(Stored entries)
◆ ◆ ◆ ◆ ◆

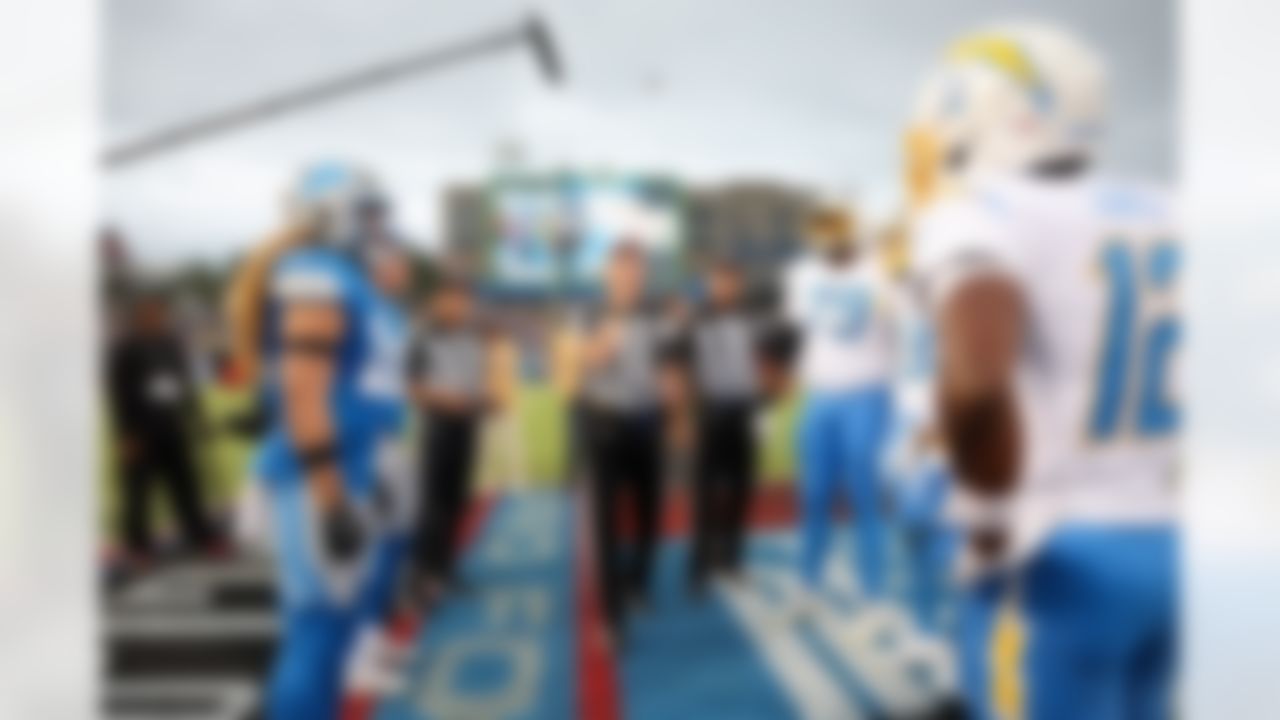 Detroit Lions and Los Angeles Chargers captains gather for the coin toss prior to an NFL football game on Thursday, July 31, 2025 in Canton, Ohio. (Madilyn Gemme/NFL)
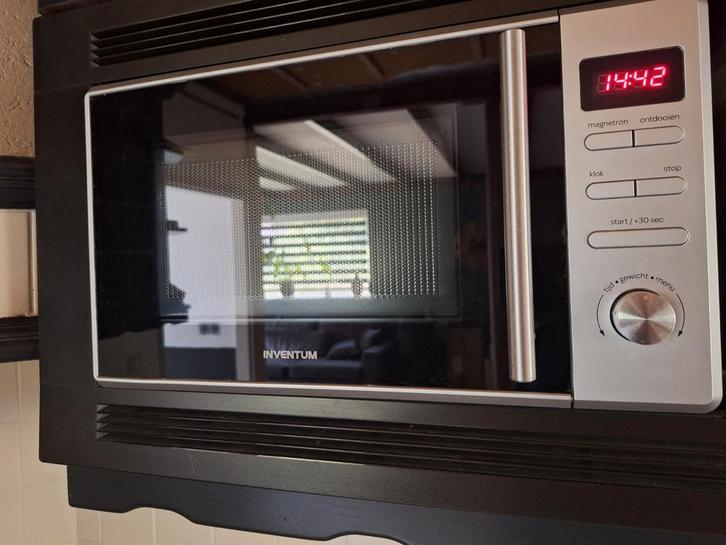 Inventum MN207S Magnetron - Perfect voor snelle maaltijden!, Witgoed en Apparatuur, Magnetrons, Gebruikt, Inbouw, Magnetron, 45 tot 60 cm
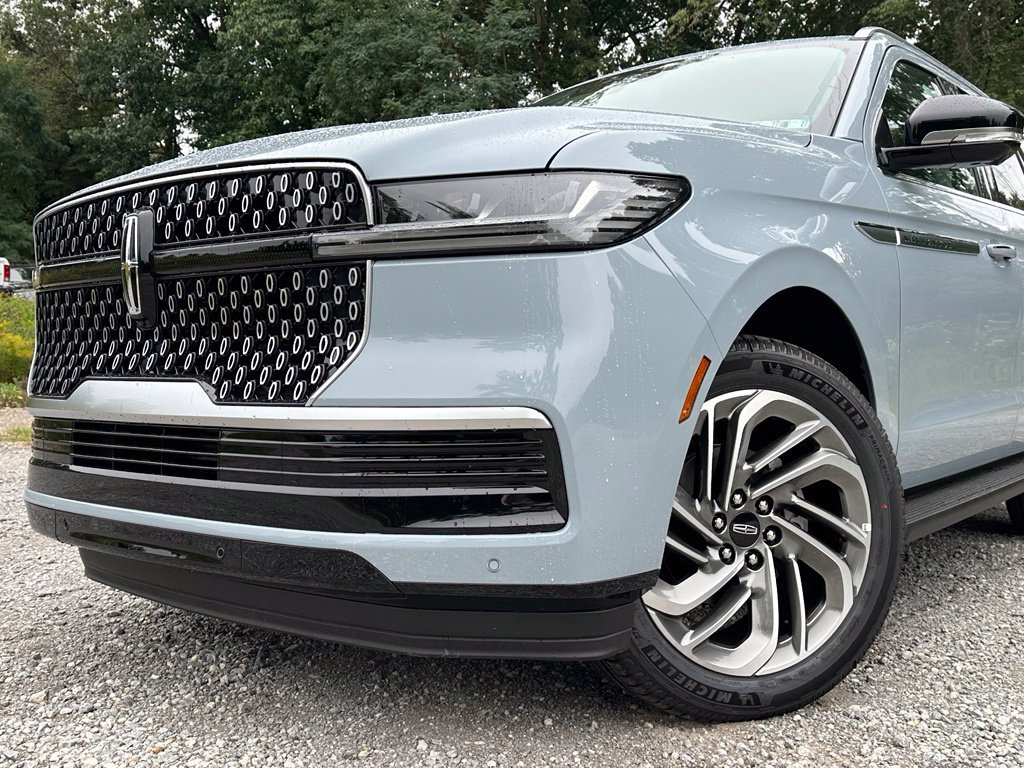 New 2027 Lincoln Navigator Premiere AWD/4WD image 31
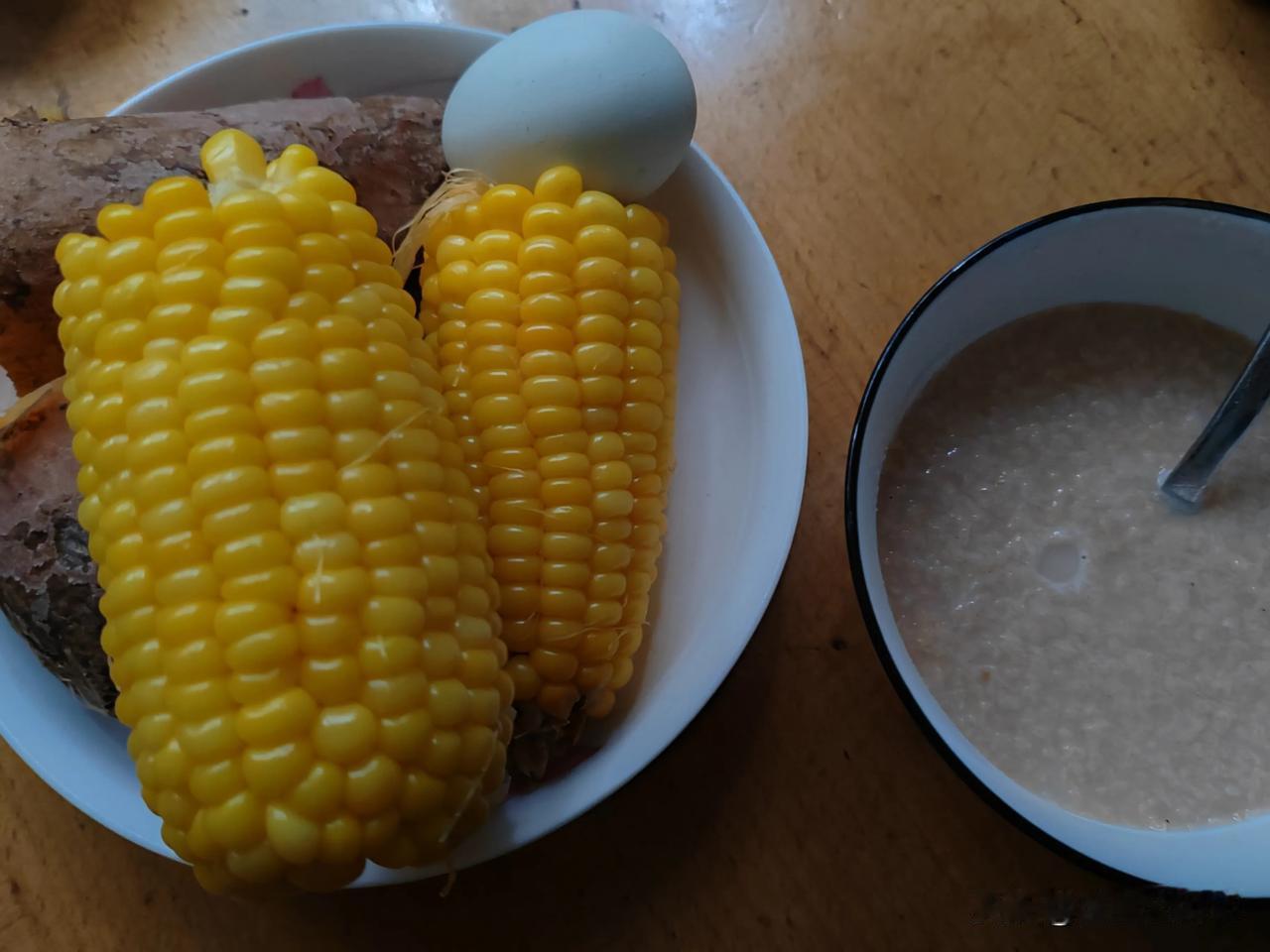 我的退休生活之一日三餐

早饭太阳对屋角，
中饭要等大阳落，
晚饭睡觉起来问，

◆ ◆ ◆ ◆ ◆

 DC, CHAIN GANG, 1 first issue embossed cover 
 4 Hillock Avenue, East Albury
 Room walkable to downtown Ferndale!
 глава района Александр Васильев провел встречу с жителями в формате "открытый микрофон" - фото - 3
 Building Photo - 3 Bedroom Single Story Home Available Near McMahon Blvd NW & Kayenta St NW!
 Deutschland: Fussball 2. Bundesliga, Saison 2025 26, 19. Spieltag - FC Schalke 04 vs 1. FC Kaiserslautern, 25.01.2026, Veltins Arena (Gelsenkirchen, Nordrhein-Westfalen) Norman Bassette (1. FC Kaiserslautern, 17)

◆ ◆ ◆ ◆ ◆

- _WHAT YOU WILL DO_
Look above for the line holding "DC, CHAIN GANG, 1". Print it and every line after it, exactly, through the line holding "глава района Александр".

- _RESPONSE TO THIS TASK_
 DC, CHAIN GANG, 1 first issue embossed cover 
 4 Hillock Avenue, East Albury
 Room walkable to downtown Ferndale!
 глава района Александр Васильев провел встречу с жителями в формате "открытый микрофон" - фото - 3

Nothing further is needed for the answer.